Zacks.com releases the latest Analyst Interview. Today’s interview is with senior analyst Matthew Thurmond, who discusses Peabody Coal (NYSE: BTU), Arch Coal (NYSE: ACI), Consol (NYSE: CNX), Penn Virginia (NYSE: PVR) and Natural Resource Partners (NYSE: NRP).
A synopsis of today’s Analyst Interview is presented below. The full article can be read at http://at.zacks.com/?id=2678.
How has your coal coverage been performing lately?
Considering the pricing problems just mentioned, results have been poor. Peabody Coal (NYSE: BTU) reported second quarter earnings yesterday and missed consensus estimates by $0.07 per share. The company has experienced operational problems two of its key areas: the Powder River Basin and Australia. My third largest miner, Arch Coal (NYSE: ACI) reported results on Monday which fell slightly short of consensus by $0.01. Arch had its own operational problems during the quarter which led to higher operating expenses. It is notable that both Peabody and Arch have lowered full year production and EPS guidance. A portion of the production shortfall will come from voluntary cuts as the miners attempt to scale back during this period of weak demand.
Do you have a favorite Buy recommendation in the coal group?

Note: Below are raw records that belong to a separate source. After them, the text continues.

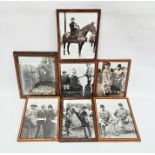 Set of seven early 20th century black and white photos of figures at a country show, some on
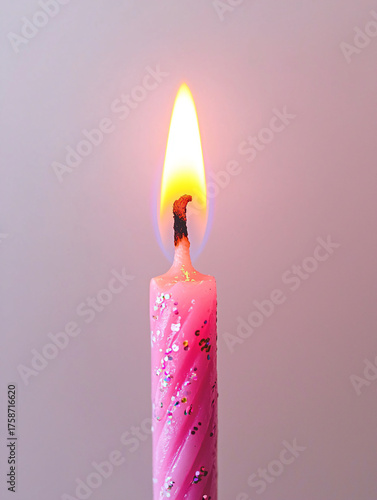Bright Pink Candle with Flickering Flame Against Soft Background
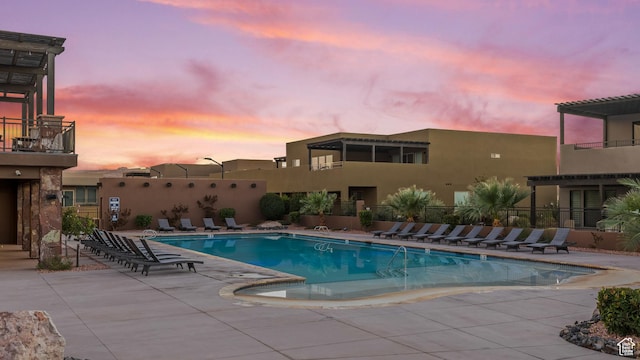 5024 W Nashoba Trl Unit 74, Hurricane, UT 84737 - pool at dusk featuring a patio area and a community pool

No. Not at this point. Two of the three miners I cover are “Hold” rated: Peabody and Arch. I see continued headwinds going forward and think the stocks are fairly priced. The other miner I cover, Consol (NYSE: CNX), is rated a “Sell.” The stock has run up 30% year-to-date and I am advising investors to take profits.

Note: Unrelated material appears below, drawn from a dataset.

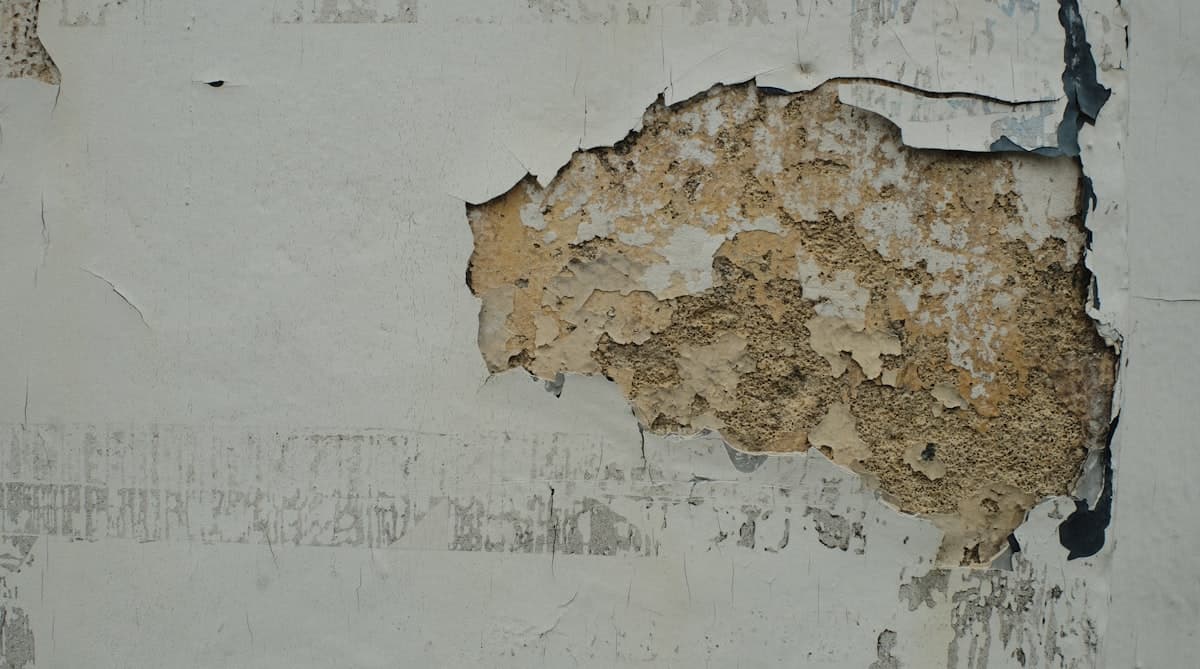 Applying joint compound to a drywall patch with a putty knife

Aside from miners, I cover two MLP’s in the coal sector. These are yield vehicles that are set up as partnerships and generate most of their income through royalty fees charged to miners. Currently, I have a “Hold” on Penn Virginia (NYSE: PVR) and a “Sell” on Natural Resource Partners (NYSE: NRP). Natural Resource Partners is another case where there has been a big move so far this year and I advise investors to wait for better pricing.